Neil Simon was once asked what he would advise new playwrights about writing comedy, and he said they should “not to try to make it funny. Tell them to try and make it real and then the comedy will come.” This is precisely what Chad Beguelin has done in Harbor, a modern day tale of a gay couple, together ten years, and living in Sag Harbor. Ted, is the successful architect, and his partner is Kevin, the perpetually aspiring writer (the same novel ten years in the making), whom Ted supports and enables. 

In the great tradition of American comic-drama, the dysfunctional family is at heart of this play. Kevin is from an alcoholic family of “poor white trash,” the first from his family to go to college.  A catalyst is needed for the play.  Guess who is coming to visit?
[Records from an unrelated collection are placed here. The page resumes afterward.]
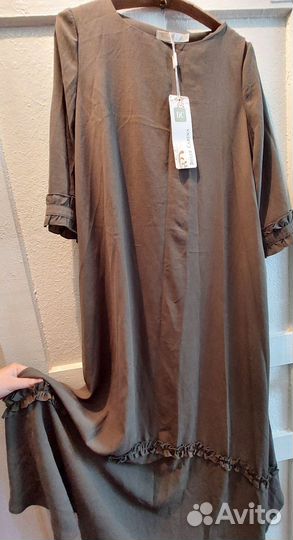 Платье новое цвета хаки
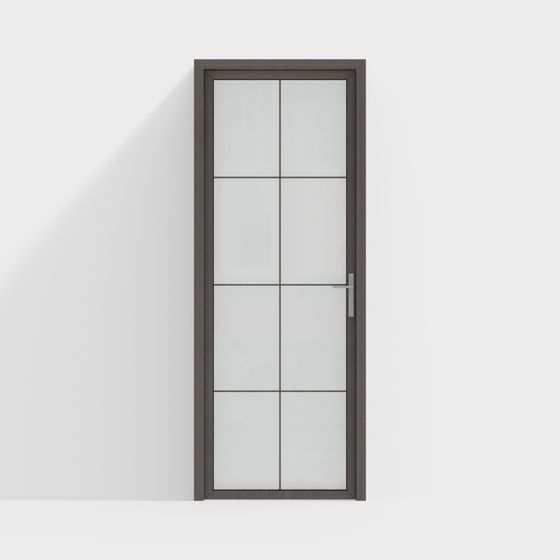 Modern Gray Interior Door 3D Model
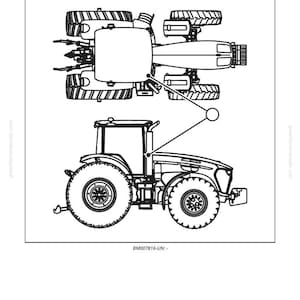May include: Line drawing of a tractor, with a top-down view of the tractor's top and wheels, and a side view of the tractor. The text "E166 - Right Beltline Flood Light" is at the top.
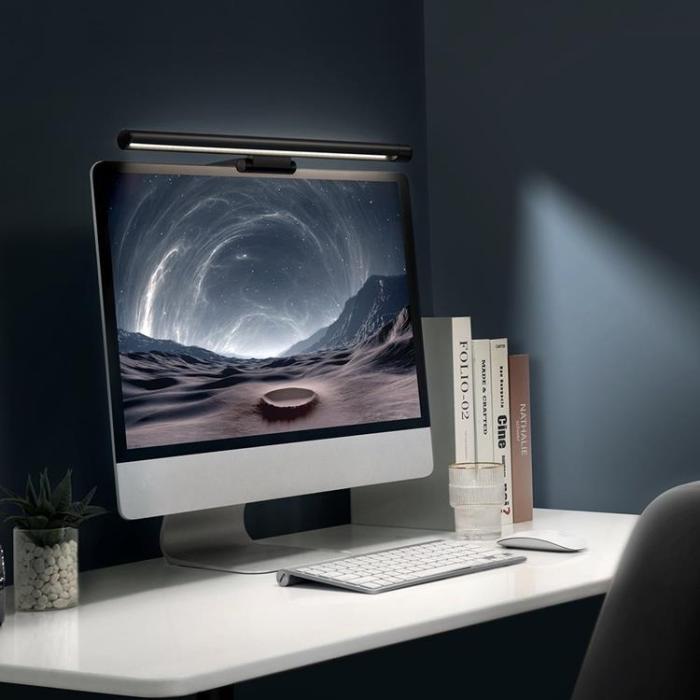 BASEUS - Baseus I-Wok LED Lampa Skrivbord Belysning - Svart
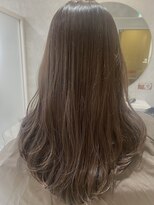 ブロック 元住吉店(BLOC) ラベンダーベージュ/ゆる巻き/顔周りレイヤー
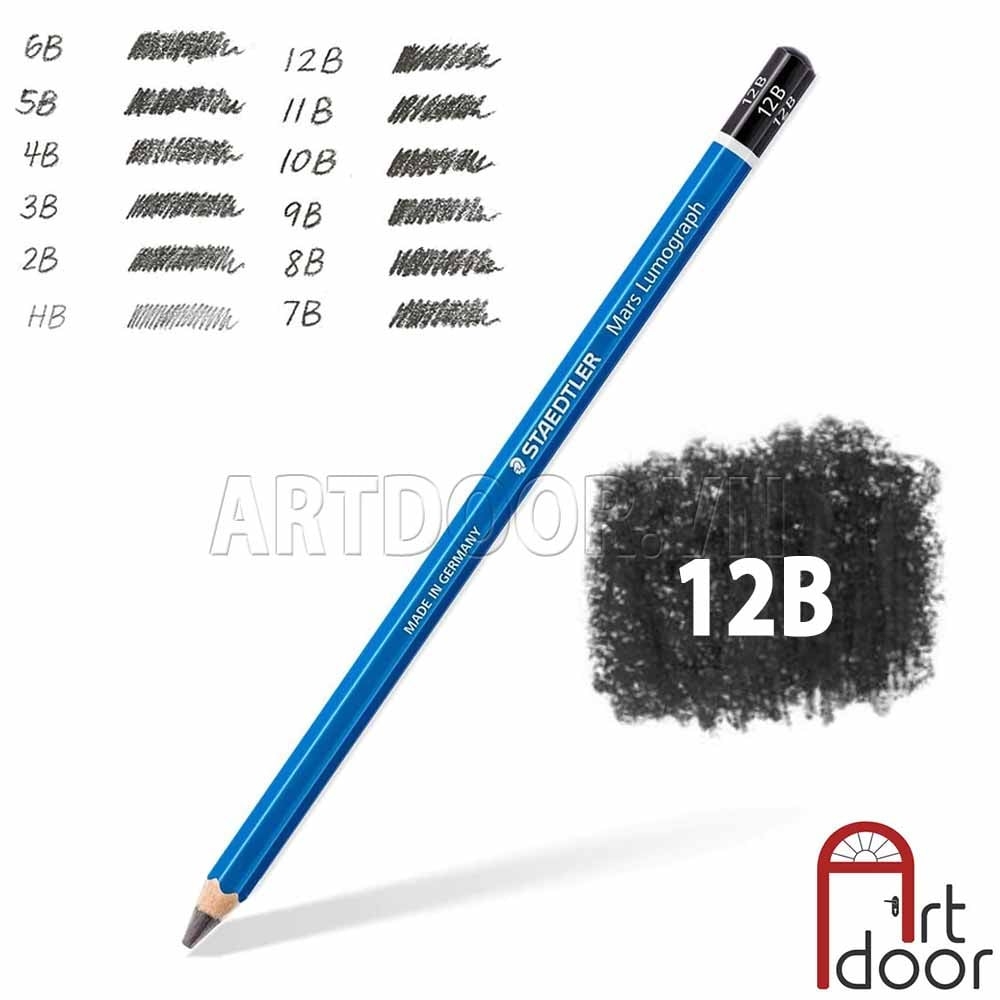 Bút chì phác thảo STAEDTLER Lumograph thân Xanh (cây lẻ)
Kevin’s sister, Donna, who he hasn’t seen since their mother’s death, and dragging her very reluctant 15 year old daughter, Lottie, with her.  They live in a VW Camper, Donna being a knock off of the family from which she emerged while the precociously mature Lottie, through literature, is making every attempt to save herself from a similar fate.

Kevin and Ted of course do not know of the visit until Donna calls from a gas station some three blocks away.  Kevin, stunned, tries to derail the visit, knowing that something dreadful is about to happen, but there would be no play without this visit!  And from there, the action really begins.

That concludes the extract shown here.